Work to complete> Extract every line from the records below that contains the word "isThisMe".
□ □ □ □
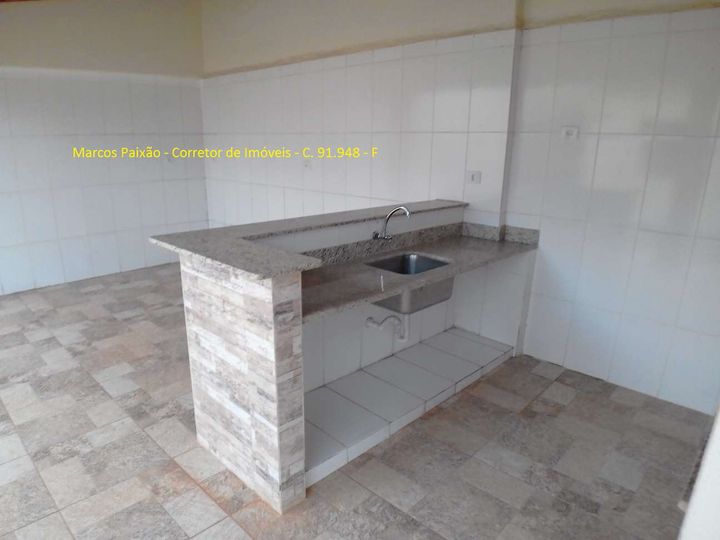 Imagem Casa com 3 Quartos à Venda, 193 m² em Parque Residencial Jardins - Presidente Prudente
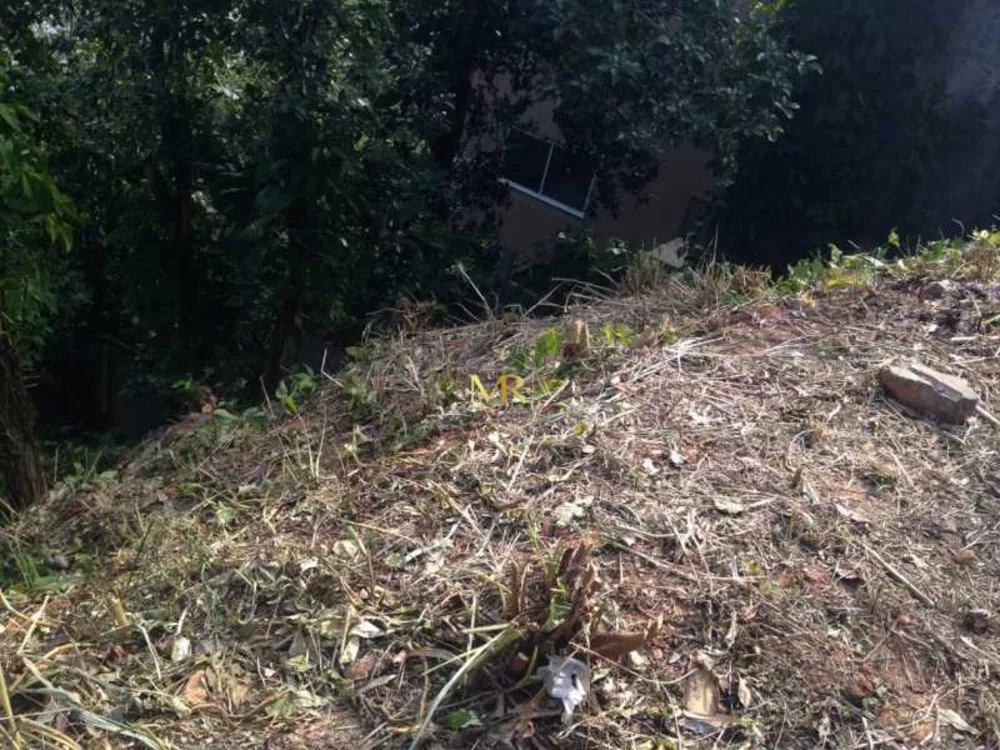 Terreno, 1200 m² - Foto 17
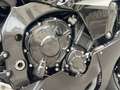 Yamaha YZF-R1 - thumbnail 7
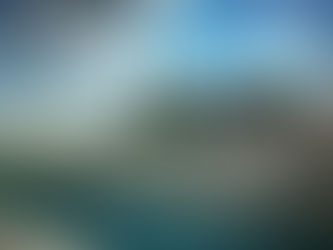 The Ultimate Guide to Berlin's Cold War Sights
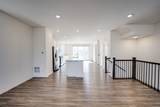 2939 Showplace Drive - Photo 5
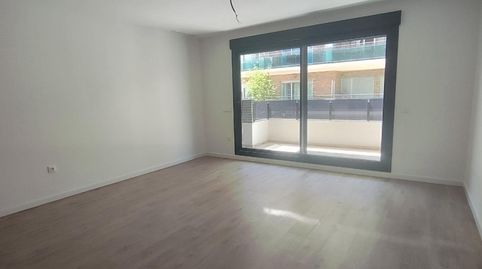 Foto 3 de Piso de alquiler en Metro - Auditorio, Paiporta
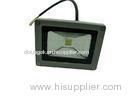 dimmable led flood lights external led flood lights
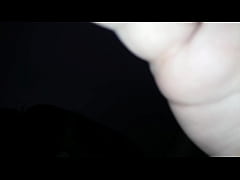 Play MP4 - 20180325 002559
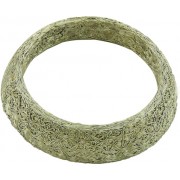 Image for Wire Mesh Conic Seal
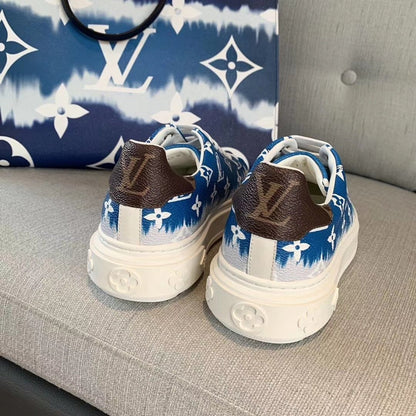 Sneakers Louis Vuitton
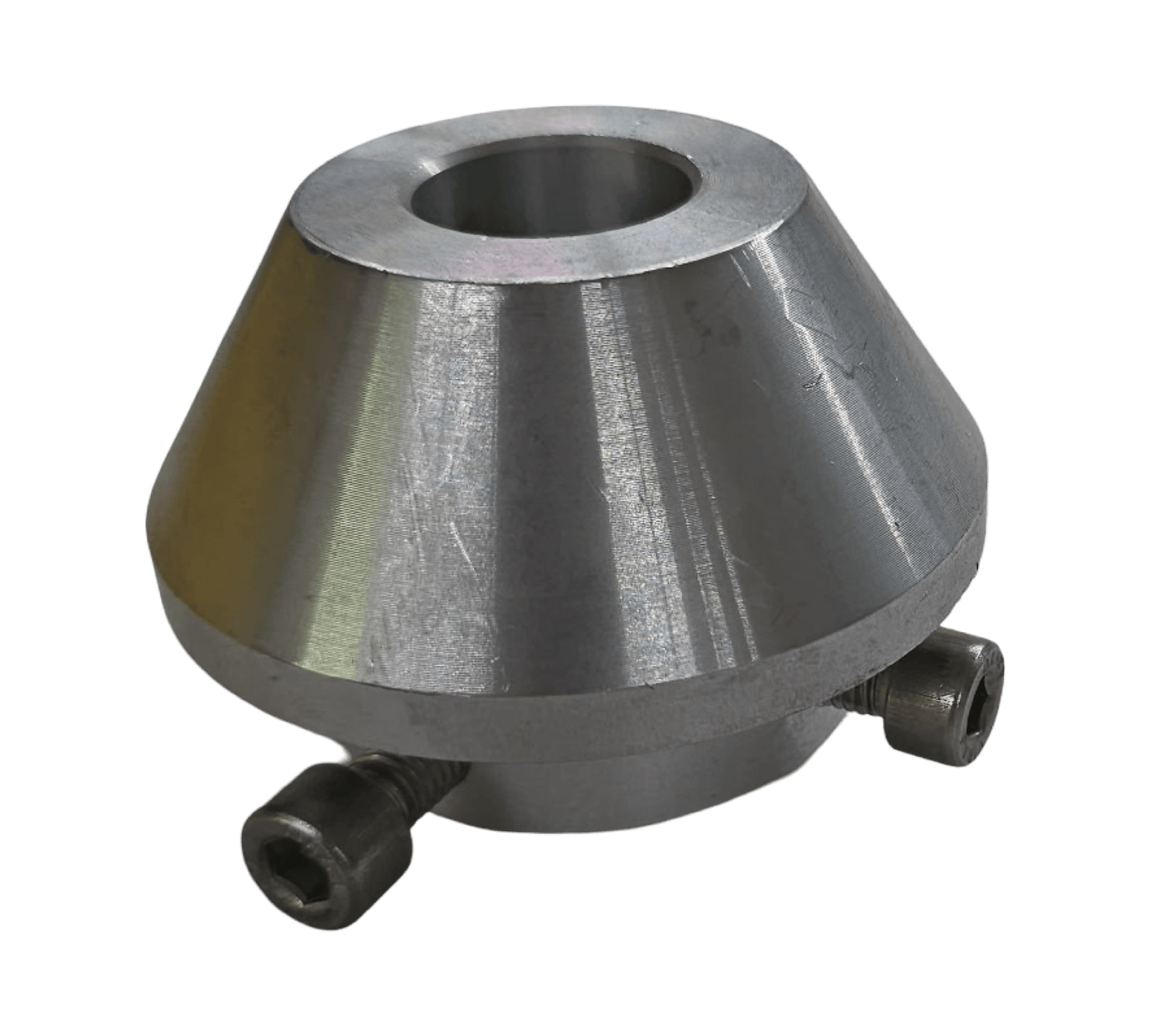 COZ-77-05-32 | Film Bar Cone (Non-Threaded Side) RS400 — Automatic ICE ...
□ □ □ □
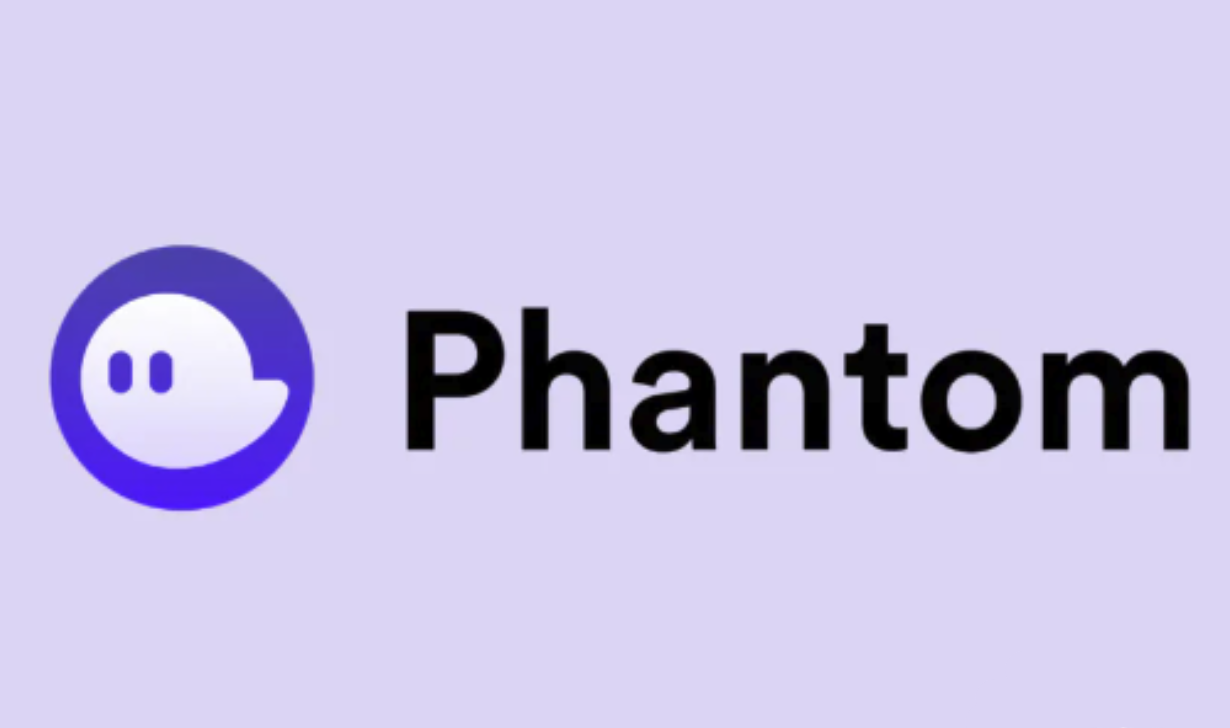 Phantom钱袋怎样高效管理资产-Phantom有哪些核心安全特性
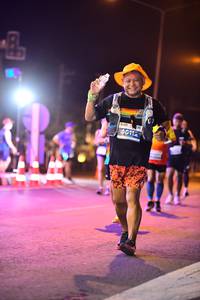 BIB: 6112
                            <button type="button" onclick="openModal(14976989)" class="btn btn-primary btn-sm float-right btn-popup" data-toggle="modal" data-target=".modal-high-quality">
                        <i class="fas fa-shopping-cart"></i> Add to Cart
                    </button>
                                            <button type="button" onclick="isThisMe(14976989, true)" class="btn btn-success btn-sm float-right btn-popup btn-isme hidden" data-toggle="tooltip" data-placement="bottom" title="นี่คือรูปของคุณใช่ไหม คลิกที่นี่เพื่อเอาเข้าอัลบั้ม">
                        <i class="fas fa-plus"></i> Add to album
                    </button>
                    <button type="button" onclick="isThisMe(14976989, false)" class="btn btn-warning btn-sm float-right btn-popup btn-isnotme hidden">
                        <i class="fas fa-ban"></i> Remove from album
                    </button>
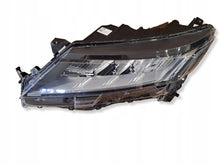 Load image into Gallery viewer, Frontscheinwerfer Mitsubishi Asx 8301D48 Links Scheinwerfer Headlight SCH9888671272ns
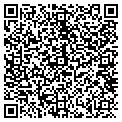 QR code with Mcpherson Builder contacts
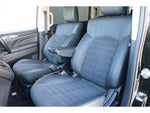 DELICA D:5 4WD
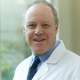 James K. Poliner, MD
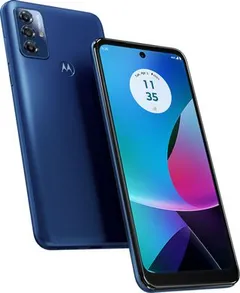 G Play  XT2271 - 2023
□ □ □ □
Result of this exercise>
                                            <button type="button" onclick="isThisMe(14976989, true)" class="btn btn-success btn-sm float-right btn-popup btn-isme hidden" data-toggle="tooltip" data-placement="bottom" title="นี่คือรูปของคุณใช่ไหม คลิกที่นี่เพื่อเอาเข้าอัลบั้ม">
                    <button type="button" onclick="isThisMe(14976989, false)" class="btn btn-warning btn-sm float-right btn-popup btn-isnotme hidden">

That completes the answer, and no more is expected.